In established VC firms there’s a lot of lip service paid to diversity — Deloitte suggests that the number of venture firms with diversity initiatives increased from 24% in 2016 to 43% in 2020 — but less actual action. The figures speak for themselves with little change in the number of female or Black partners. Diversity charters may be a meaningful first step to acknowledging the issue but, in most cases, it doesn’t seem to be a transformative commitment.

Where the visible change is happening is in the rise of new women and minority-led funds, investing from small first funds and heavily focused on seed and early-stage deals. Women in VC reports a spike in women-led funds in the US with 140 new women-led investment funds launched in the last four years.

However, while often inspiring, these funds may not offer the whole answer.

“My challenge and my issue with those funds is because of their nature, the stage of where they are: they are very, very small funds,” comments Lucy Stonehill. “That’s the right kind of capital for a certain stage of founder. The challenge is that across different stages of a company’s life cycle, across different stages of financing, the percentage of Black, Latinx or minority and the underrepresented groups gets smaller, the further up the funnel you get. These micro seed funds can write a lot of small cheques, but what they can’t do is support founders as they scale.

“Then the big funds, which are the ones that have the most capital to deploy, might say, ‘Oh, we co-invested with this fund supporting underrepresented founding groups. That means we tick the box of being this, that or the other…’ instead of taking on that responsibility internally to build their own process for investing in, say, female or Black founders, pledging that of X number of companies we invest in this year, we want Y to have a female founder or a minority board member.”

The European picture

We’ve surveyed the situation in Europe to highlight the VCs in this area that we think are worth paying attention to, as they are super focused on diversity. As you’ll see, they concentrate on funding a broad range of founders, from women and the Afro-Caribbean diaspora to entrepreneurs with disabilities, and take a variety of approaches to building more diverse portfolios.

1Ada Ventures

A VC focused on investing in overlooked founders and in overlooked markets

2 Anthemis VC

A fintech VC fund guided by diversity and inclusivity as one of its three principles

3 Atomico

A Europe-focused investor with 25% of its active portfolio companies led by founders from underrepresented backgrounds and a goal to increase that to 40%

4 Bethnal Green Ventures

An early-stage ‘tech for good’ VC focusing D&I initiatives within its own team (63% identify as female), founders and their teams

5 Borski Fund

A VC fund that only invests in companies with gender-diverse teams with at least one female founder

6 GoodSoil VC

An early-stage venture capital firm investing in under-represented exceptional founders across sub-Saharan Africa and Europe

7 Impact X

A double bottom line VC, founded to support underrepresented entrepreneurs across Europe, particularly the Afro-Caribbean diaspora

8 Kaleidoscope Investments

An investment fund focused on entrepreneurs with disabilities

9 Pact VC

An all-female led, early stage fund investing in technology that positively reshapes the future

10 Playfair Capital

A pre-seed and seed investor in tech companies, with a focus on collaborations and initiatives to support female founders

11 Sie

A capital platform that supports female founders

12 Unconventional Ventures

An early-stage investment firm that invests in impact tech startups founded by underrepresented founders (women, LGBTQ, POC)

13 We are Jane

A fund founded by three women, investing in companies headed by a female CEO or with a majority of female shareholders

This comprehensive list of Europe’s 200+ female VC partners is also a useful resource.

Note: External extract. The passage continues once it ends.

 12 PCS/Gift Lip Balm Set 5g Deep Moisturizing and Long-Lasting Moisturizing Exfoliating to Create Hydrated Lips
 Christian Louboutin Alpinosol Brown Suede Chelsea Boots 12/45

What more can the established VCs do?

For Lucy Stonehill, VC support that demonstrates an understanding of the growth process and focuses on skills development is key, from mentoring and coaching to the broader sharing of experiences.

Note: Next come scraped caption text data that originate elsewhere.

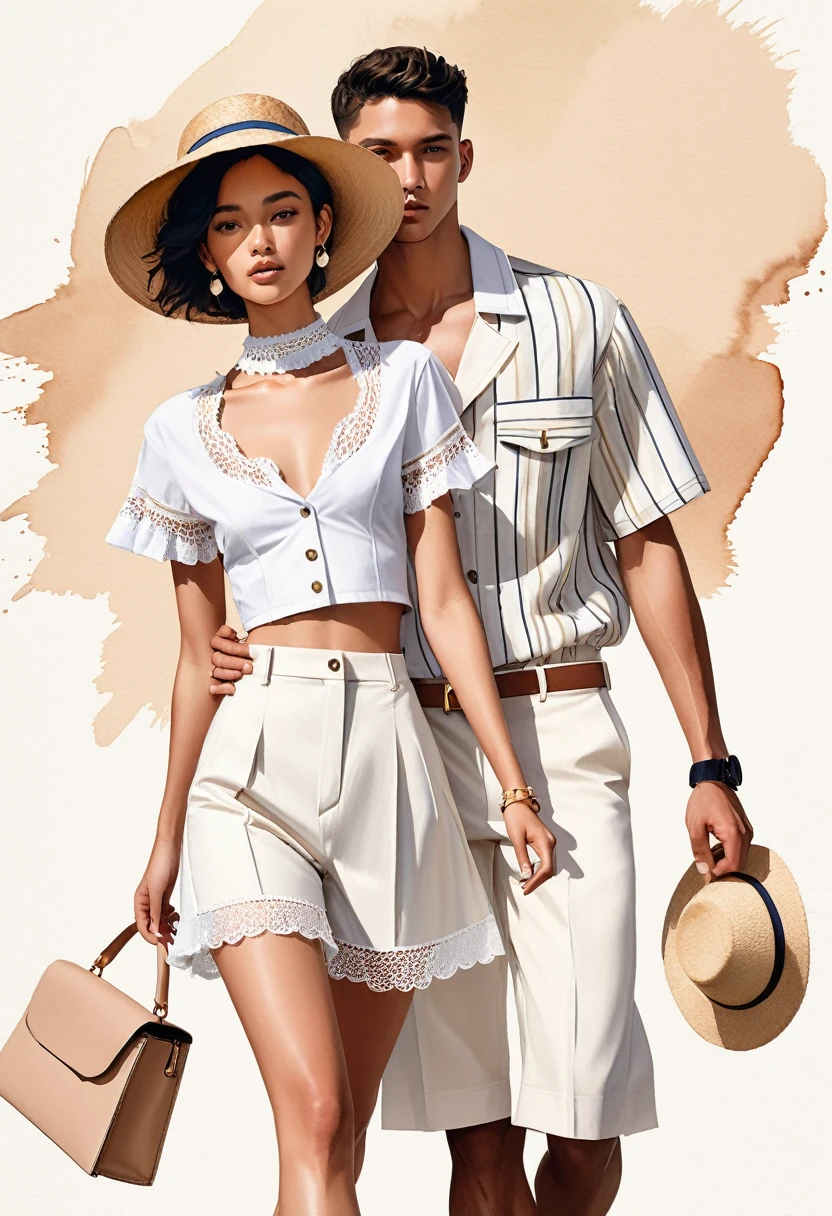 candid fashion illustration of young Mixed race man and woman, both aged 25 year old, ((showcase fashion look book in mixed pale Earth-tone outfits)), inspired by Jacquemus's resort collection 2022, in elegant young chic nautica style. The man wears an oversized short-sleeved stripe shirt lace details, paired with relaxed-fit white Wide Leg short pants, comfortable and a classic silhouette. He completes his look with white sneakers and round glasses. The woman complements him in a white mini sun-dress, in cotton woven fabric frill-trimmed neckline with minimal lace detail, Her ensemble includes an accessorizes with a brimmed straw hat, white sneakers, Captured in a dynamic angle, ((full-body image)), ((imperfect pale water color background)), sketching, realistic drawing, imperfect water color drawing, fashion look book, fashion illustrator, sketch design, Chic Boho, water color palette, wooden.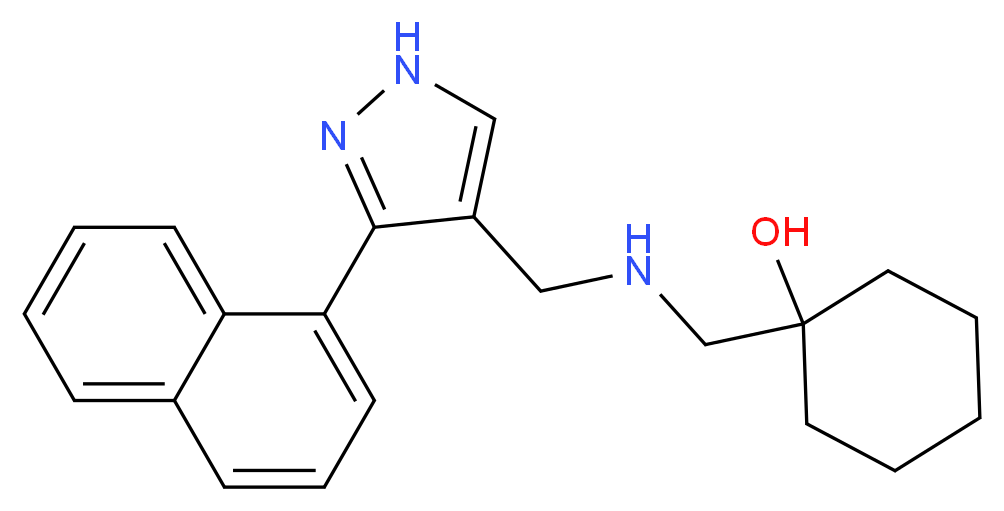 1-[({[3-(1-naphthyl)-1H-pyrazol-4-yl]methyl}amino)methyl]cyclohexanol_分子结构_CAS_)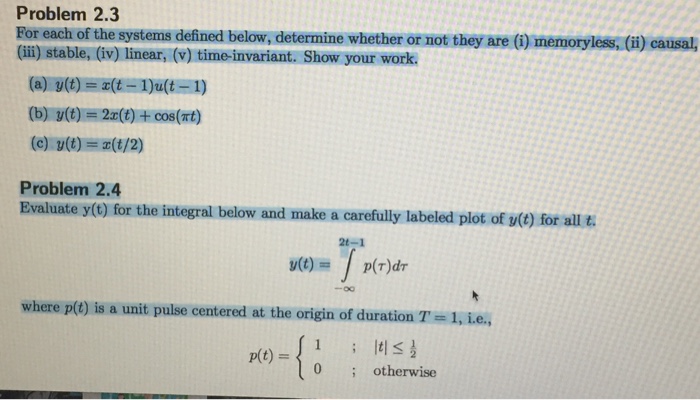 Solved For Each Of The Systems Defined Below Determine W Chegg Com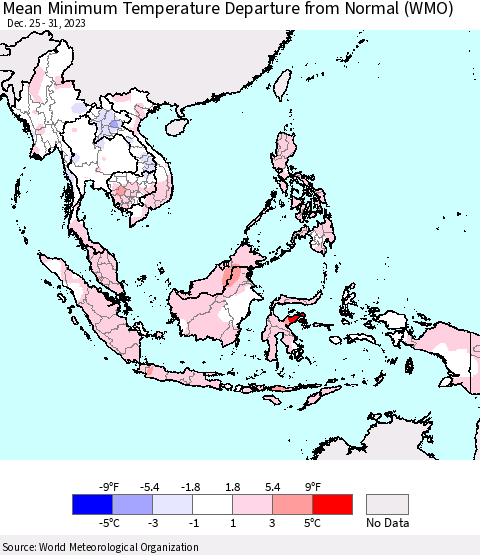South East Asia Mean Minimum Temperature Departure from Normal (WMO) Thematic Map For 12/25/2023 - 12/31/2023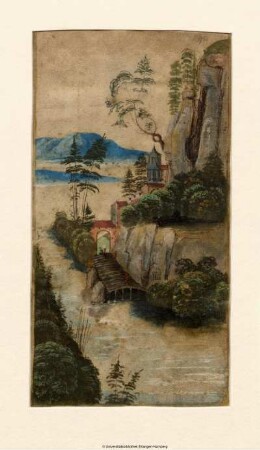 Landschaft mit hohem Felsen an einem Flusse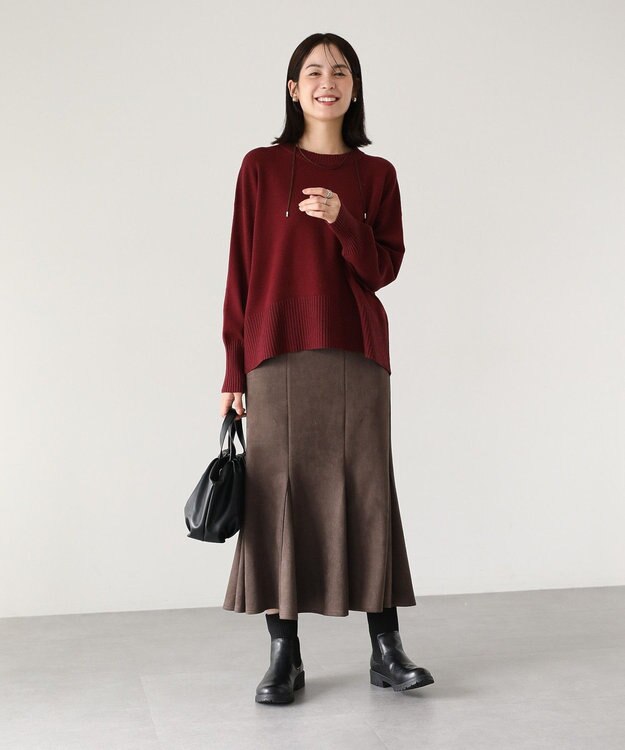 Green Parks なめらかタッチスウェード調マーメイドスカート Charcoal Gray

There are formal programmes — for example, London & Partners’ Beyond HERizons, a 12-month business support programme for 15 female entrepreneurs, focused specifically on targeting the funding gap at the Series A stage and beyond.

However, there is also an important role for more informal process sharing and mentoring within funds.

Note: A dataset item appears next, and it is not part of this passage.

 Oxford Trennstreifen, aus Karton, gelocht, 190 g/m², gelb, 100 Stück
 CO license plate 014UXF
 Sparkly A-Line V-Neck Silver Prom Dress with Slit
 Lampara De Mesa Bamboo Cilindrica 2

“I raised my first round of capital, two and a half million dollars, from Octopus Ventures,” explains Lucy. “Most portfolio founders at Octopus were, at that stage, more experienced than me, and were very open to me knocking on their door and saying, ‘Nick, can I buy you a coffee? I’d really like to learn about how you think about product-market fit.’ I proactively sought out advice from a broad range of later-stage Octopus founders and was very welcomed by a lot of people to pick their brains and learn from them. Those communities are very, very important for that knowledge share and knowledge transfer.”

Yael urges fund managers to consider mentoring promising founders who show the character traits needed to succeed but may not have a nuanced understanding of the fundraising process or the ‘rules of the game’:

“If you, as a fund manager, care about diversity in your portfolio because you know the numbers — for instance, that businesses founded by women ultimately deliver twice as much revenue per dollar invested — then you may want to focus on characteristics like resilience and adaptability over whether the first pitch was perfect. What you’re trying to optimise for is the person who is determined to make it at all costs. You know that this person just needs to understand how the game is played in VC, and you take them that last mile. If you spend some time with them and invest in them, you will watch them succeed and flourish.”

Another good step forward for VCs is to sign up for training, adopt appropriate policies and make a public commitment with organisations such as Diversity.vc and SISTA. And, like VCs and founders, LPs must find and support the underrepresented potential investors who are not necessarily connected to the usual networks, and encourage their existing portfolio to improve their teams. This starts to create a culture where VCs feel comfortable meeting with the LP, knowing they won’t be at a disadvantage for not fitting in any ‘profiles’.

And, always, data

There’s no excuse for VCs not to know who they are funding — and who they are rejecting. Track gender and other data across your deal flows. Only by doing that can you monitor how effective, or not, are any diversity initiatives.

Frontline started tracking its data in 2016 and it’s made a tangible difference, as partner William McQuillan explains:

“When Frontline first began measuring data around gender in our deal flow process we found ourselves in the mid-single-digit percentages. Over the last five years, through a number of different methods, we’ve been able to bring those percentages to 20% — and often above 25% — on any particular month. This represents a 3–4 times increase and has had a direct correlation on the percentage of female-founded companies we have invested in.”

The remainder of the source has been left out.